ATUALIZAÇÃO: Apenas para corroborar a minha tese acima, o vencedor do Big Brother Brasil 12 voltou ao seu escopo normal, já que não havia nenhum recado a ser passado nos moldes do que já mencionei acima. A edição deste ano foi muito mais, digamos, normal. E com isso o resultado vai escorrer para seu leito costumeiro.

Recomendações:

Plethos: termo grego que significa pluralidade. Em honra ao endereço eletrônico deste blog, farei múltiplas recomendações.


A obra de Foucault onde é feita a análise das instituições sociais é extremamente ampla e rica, mas ele analisa os sistemas prisionais e seus reflexos em profundidade no seguinte livro (recomendo intensamente):

FOUCAULT, Michel. Vigiar e punir: nascimento da prisão. Petrópolis: Vozes, 1987.


O livro 1984 tornou-se um clássico da literatura universal. Sombrio, pessimista, perturbador, analisa a guerra e a manipulação histórica como mecanismos da manutenção do poder. Consagrou vários termos, como o Grande Irmão, as teletelas e o duplipensar. É sensacional. Não deixem de ler.

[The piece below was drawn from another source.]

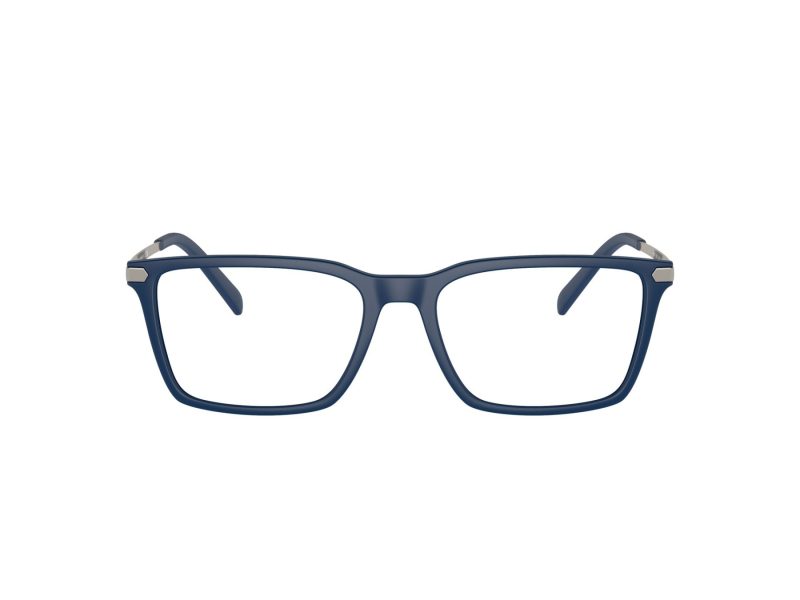 Armani Exchange Silmalasit AX 3077 8181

ORWELL, George. 1984. São Paulo: Companhia Editora Nacional, 2005.


O show de Truman é um filme em que Jim Carrey procurou se desfazer de sua imagem de careteiro, adquirida em filmes como Ace Ventura e Débi & Lóide. Conseguiu. O resultado final é verdadeiramente bom.

WEIR, Peter. O show de Truman. Filme. Estados Unidos, 1998. 103 min.